Вся темная чаша неба над нами сияла крупными, дрожащими звездами. Было их так много, что казалось — они кишат, ползают, жужжат в небе. Дух захватывало глядеть в это сверкание. Вдруг с самого верху огненной каплей покатилась звезда, опоясав все небо. Маро вырвала у меня руку и вскрикнула:
— Чтоб… чтоб это не-епременно случилось!.. — Ода успела докончить фразу, пока звезда не погасла. Надо было видеть, каким счастьем озарилось ее лицо, белевшее из темноты.
— Вы загадали? И верите, что исполнится? — спросил я.
— Да, но я всегда верю, что исполнится. Я твердо верю, что исполнится, потому что иначе… на что бы этого так захотеть?
— А вот представьте, я именно не верю, что исполнится. Если захочешь чего-нибудь особенно, значит, не суждено этому быть; что-нибудь другое будет, а это — никогда.
— У вас разве бывало, чтоб не исполнялось?
— С самого детства.
— Нет, у меня все исполняется. Вот вы увидите!
— Что же я увижу?
Маро засмеялась и не ответила. Мы дошли до флигеля. У лестницы сыпались искорки — там, на корточках, сидел техник и раздувал самовар. Одна долетела до нас и потухла у ног Маро.
— Спокойной ночи, Сергей Иванович, — сказала девушка, остановившись. — Если ваша Байдемат еще не пришла, вы наймите техника, он вам и самовар поставит, и прислужит, разумеется в свободное время. Только пообещайте ему на чай.

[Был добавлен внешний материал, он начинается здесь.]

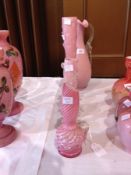 Victorian pink and clear spill vase with scroll and branch base, another pair similar vases, pink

Она говорила это спокойным голосом, слегка грассируя и растягивая гласные. Техник продолжал свое занятие, даже не взглянув в нашу сторону. Худое и острое лицо его было озарено красными вспышками самовара, ресницы опущены, под глазами — от худобы или болезни — глубокие, темные впадины.
Я не мог понять грубости Марьи Карловны; раздражение и неприязнь к ней шевельнулись во мне. В эту минуту открылось окошко, показалась освещенная электрическим светом голова молоденькой женщины и тонкий голос произнес:
— Филипп!
Голос показался мне жалобным. Техник, не оборачиваясь, ответил «сейчас» и продолжал возиться у самовара.
— Филипп! — еще раз настойчиво и сердито раздалось из окна. Техник встал, заложив руки в карманы.
— Он очень послушный и будет вам великолепно служить. У него это в крови… холопство! — продолжала Маро, на этот раз громче прежнего. Окно с треском захлопнулось. Техник сделал несколько шагов к дверям, но вдруг повернулся и подошел к нам. Он подходил спокойно и быстро. По мере его приближения Маро отходила в тень, за тропинку, а я оставался стоять, невольным и смущенным зрителем. Лиц их я видеть не мог, но мне были слышны их голоса, теперь очень тихие и заглушённые. Подойдя к Маро, техник остановился и несколько секунд молчал. Потом он сказал, очень глубоким и мягким голосом, каким говорят с детьми:
— Я не обижаюсь на вас, ни сейчас, ни вообще. Но вы поступаете не подумавши. Умоляю вас, не мучайте сами себя — право же, это не стоит. Подумайте, — и вы сами увидите, что не стоит.
— А вы простили меня?
— Всё, всегда! Но простите и вы, что я не могу по-другому. — Дверь скрипнула, по лестнице спустился незнакомый мне седенький старичок, кашляя в руку. Но прежде чем он дошел до нас, Маро и техник расстались. Я видел, как она метнулась в кусты, словно птица, и взбежала по тропинке домой. Я не стал, разумеется, провожать ее. У меня было тягостно и неловко на душе, как это бывает со мной при вмешательстве в чужие секреты. Стараясь забыть все слышанное и — главное — не делать никаких выводов, я поднялся к себе, зажег лампочку и поужинав, вынул тетрадь Фёрстера.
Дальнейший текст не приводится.